Additionally, my ability to navigate difficult conversations has deepened. Through the language and frameworks we’ve explored in this program, particularly those grounded in anti-racist, culturally responsive leadership, I’ve learned how to address harm or resistance in a way that invites collaboration, not defensiveness. I no longer approach tough conversations solely with the goal of solving a problem; I approach them with the goal of preserving dignity while disrupting inequity. This means being mindful not to retraumatize stakeholders, especially students and staff from historically marginalized backgrounds, and instead using language that fosters psychological safety, accountability, and healing.
These shifts have made me move is a more grounded, strategic, and compassionate leader much like that of Social Cultural theory.
Perspective on Leadership
One of the most impactful experiences I had in PLI was navigating the unexpected conflict between the Community School Coordinator and the school principal during our Reflection Learning Project (RLP). I initially entered the process assuming that both leaders were aligned in their vision for the school. However, I quickly realized my assumptions were incorrect. That experience revealed a hard truth: it is impossible to lead or transform a school, no matter how equity-centered the mission, without relational trust, transparent communication, and a shared vision among the leadership team.

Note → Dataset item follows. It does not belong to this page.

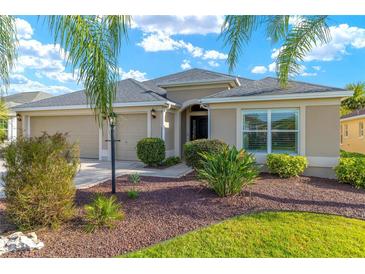 Beautiful single story home featuring a well-maintained lawn and a two-car garage at 857 Enisgrove Way, The Villages, FL 32163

What surprised me most this year was how easily systems of oppression can resurface, even within spaces committed to equity. I witnessed how discomfort, when not handled with care and courage, could lead teams to revert to silence, defensiveness, or hierarchy. These moments taught me that anti-racist leadership isn’t just about knowing the right language, it’s about how we show up when it matters most. It's about disrupting harmful dynamics in real time, especially when they threaten collaboration and inclusion.

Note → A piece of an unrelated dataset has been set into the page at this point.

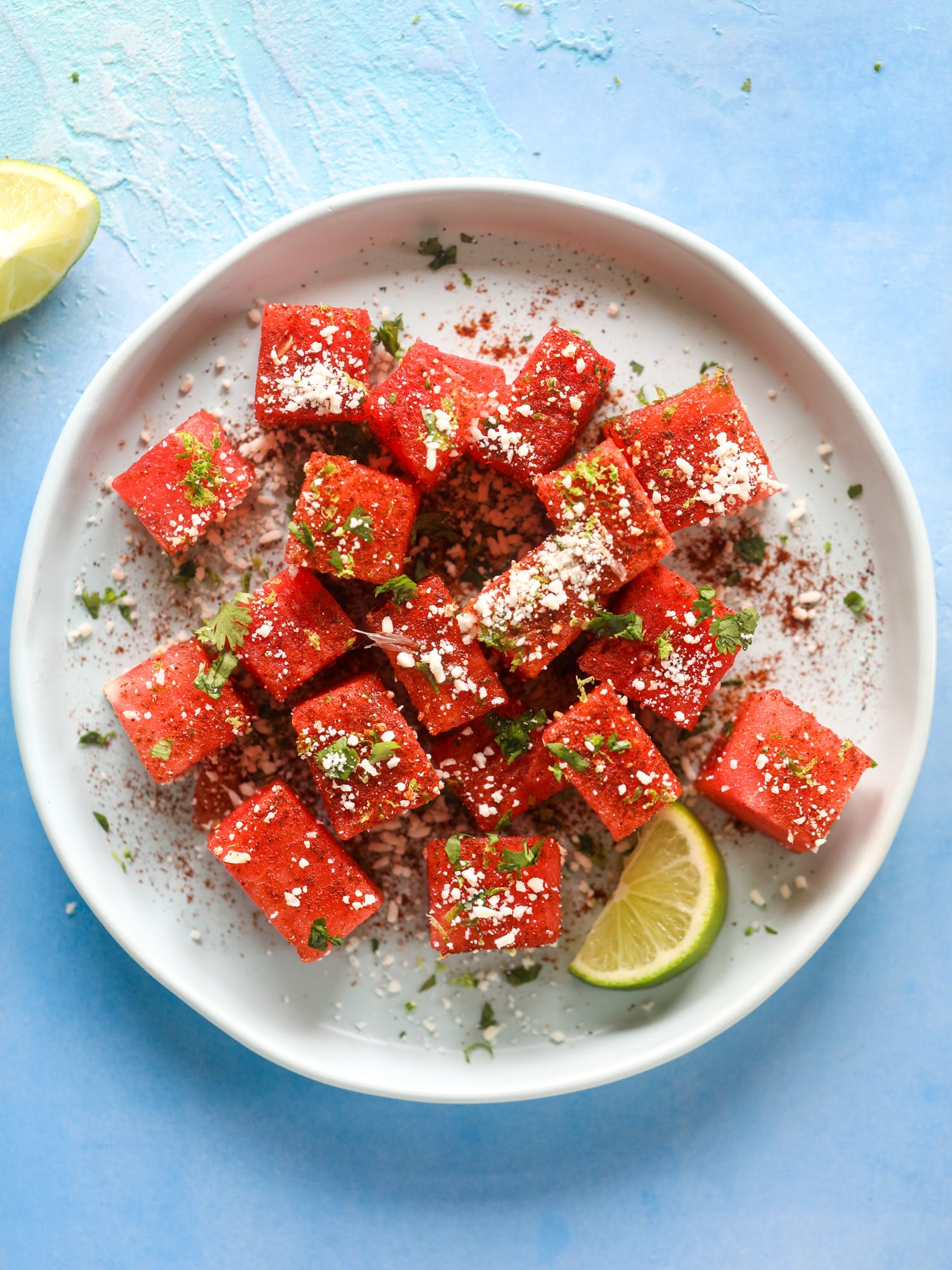 This chili lime watermelon is the perfect summer snack! It's savory and sweet with crumbled cotija cheese and lots of lime. Delish!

Through fieldwork, lectures, and critical readings, particularly Sealey-Ruiz’s work on the "Archaeology of the Self", my understanding of leadership has shifted. I now see that advancing equity is not about quick fixes or individual heroism. It’s about creating the conditions for collective transformation. My leadership has evolved from asking, “What do I need to fix?” to asking, “How can I lead in ways that help people see themselves and each other more clearly, so we can grow together?”
Challenges and Successes
This year, one of my greatest leadership challenges, and successes, was learning how to give everyone a voice while still moving the work forward. In my early practice, I assumed that inviting input was enough. But through this program, and particularly during my work on chronic absenteeism and the equity-focused Root Cause Analysis (440C), I realized that voice without structure can lead to confusion or stalling. I learned to design spaces, like empathy interviews, co-facilitated data walks, and community listening sessions, where every stakeholder had the opportunity to share, reflect, and inform decisions. Giving voice meant not just listening, but acting on what we heard, especially from those who had been historically excluded, like foster youth and Spanish-speaking parents.

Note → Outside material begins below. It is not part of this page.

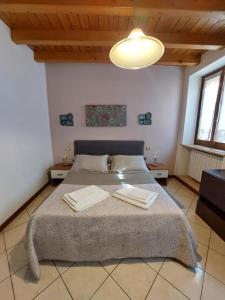 San Colombano al Lambro的住宿－Bed & Breakfast Monti 85，一间卧室配有一张大床和两条毛巾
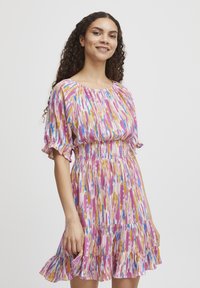 Rochie cu mânecă scurtă, cu talie elastică, fustă în volane și un model vibrant de roz, galben, albastru și alb pe un material ușor.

Another challenge I faced was learning to discern which hills to die on. In a system as complex as LAUSD, every decision is layered with politics, policy, and positional power. There were moments, particularly during my Reflection Learning Project and RLP planning, where I had to step back and ask: Is this a fight for justice, or is this ego? Through improvement science cycles and feedback from colleagues, I grew in my ability to prioritize long-term equity outcomes over short-term wins. As I wrote in my 448A paper, “Leadership rooted in equity doesn’t mean we push everything all at once, it means we make strategic, intentional moves that open doors for others to keep walking through.”
Finally, I’ve come to understand that clarity around our shared purpose, our North Star, is essential for any team working toward equity. In the 296G paper, I reflected on how easily teams can lose direction when they’re not aligned. That insight proved invaluable during moments of tension between site leaders, where assumptions and siloed efforts threatened the integrity of our work. I’ve learned that establishing shared values early on, checking in frequently, and using data to ground our decisions are crucial for sustaining transformational change. When we’re all pulling in the same direction, the work becomes lighter, and the impact deeper.
Next Steps
As I transition into the next phase of my leadership journey, my focus is on revamping my approach as a Community School Coordinator Coach to more deeply reflect the principles I’ve internalized through PLI. This means moving beyond technical support and compliance-based checklists toward a more transformational, equity-centered model of coaching.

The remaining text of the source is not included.